■ WORK REQUIRED
Given these entries, repeat exactly the lines starting with the one that has "Lululemon athletic shorts" and going on through the one that has "Holden Beach Cottage", both included, but none of the pictures.

■ DATASET EXCERPTS
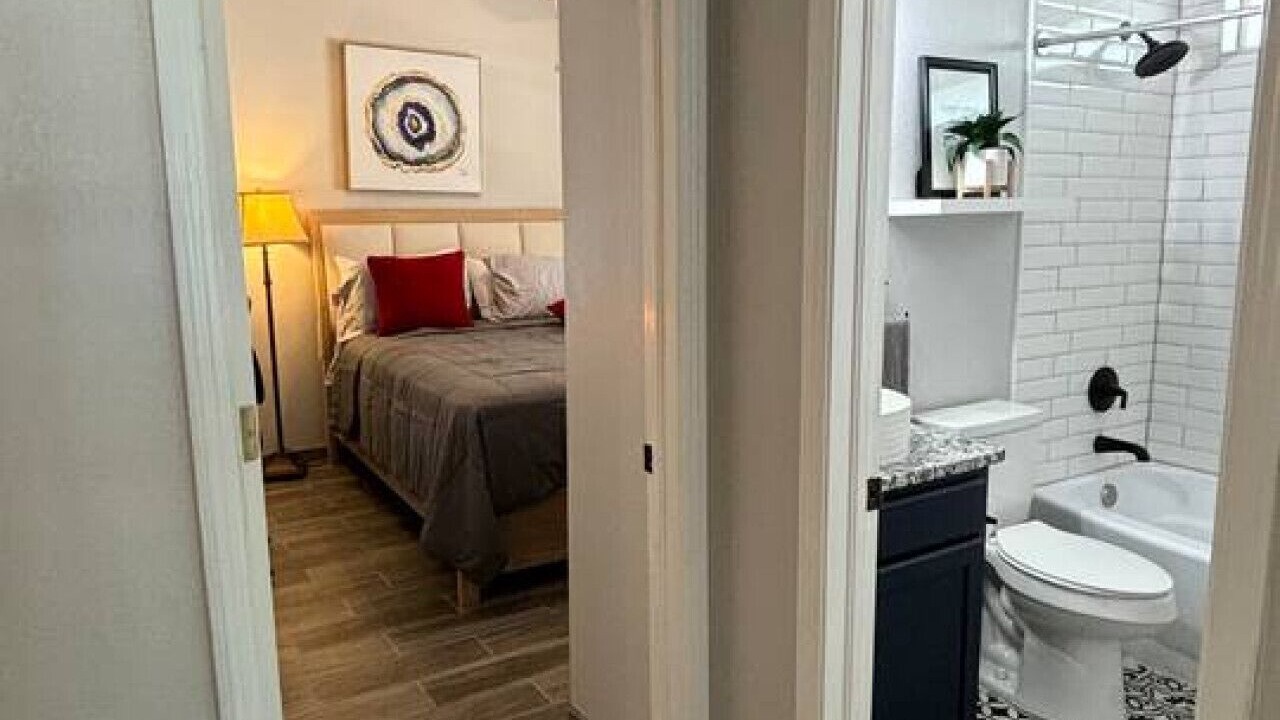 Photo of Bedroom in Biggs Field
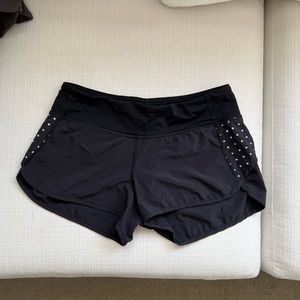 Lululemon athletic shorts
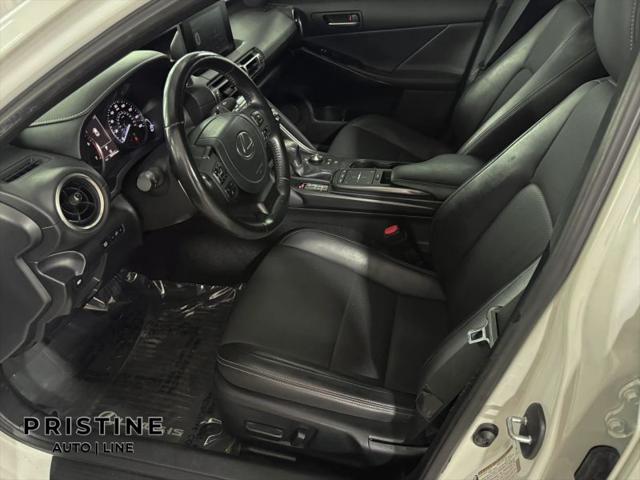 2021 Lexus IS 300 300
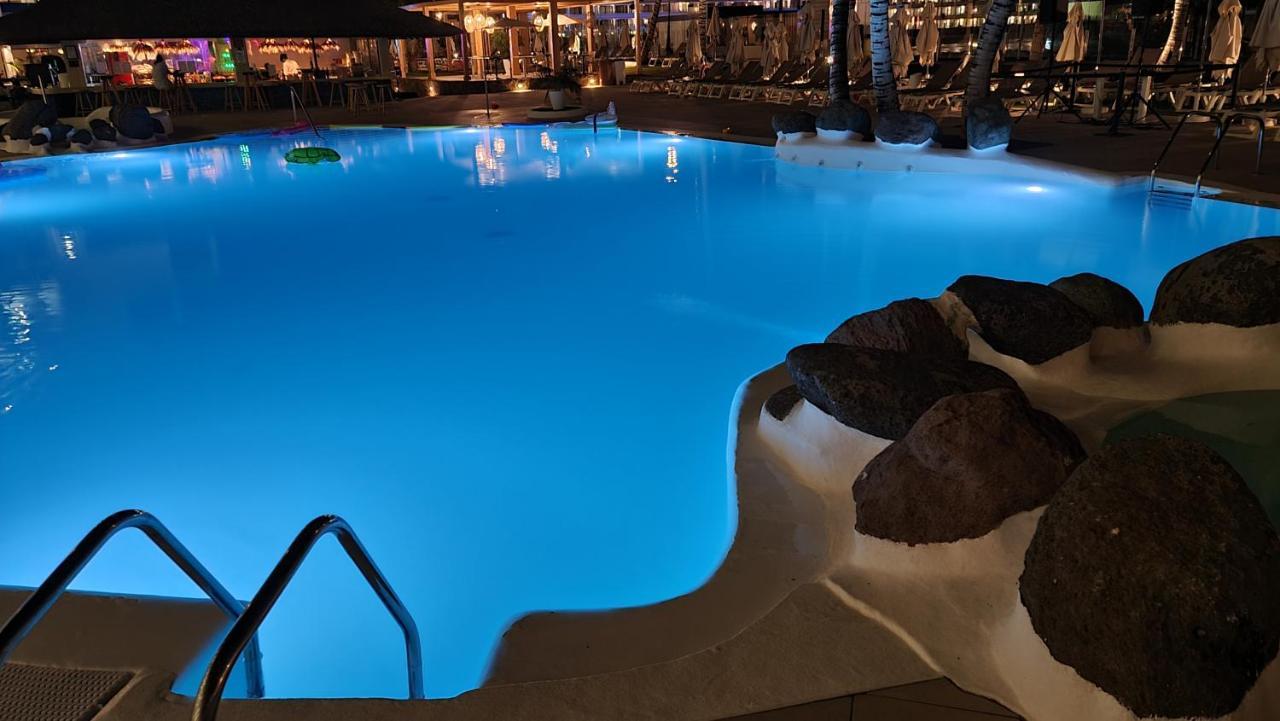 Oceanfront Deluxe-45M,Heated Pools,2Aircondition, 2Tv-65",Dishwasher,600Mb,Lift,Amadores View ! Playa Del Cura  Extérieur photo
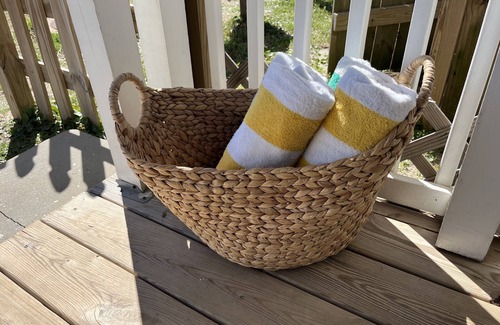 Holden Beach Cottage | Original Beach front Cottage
==
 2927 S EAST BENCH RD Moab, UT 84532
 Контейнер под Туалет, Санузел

■ RESPONSE TO THIS TASK
 Lululemon athletic shorts
 2021 Lexus IS 300 300
 Oceanfront Deluxe-45M,Heated Pools,2Aircondition, 2Tv-65",Dishwasher,600Mb,Lift,Amadores View ! Playa Del Cura  Extérieur photo
 Holden Beach Cottage | Original Beach front Cottage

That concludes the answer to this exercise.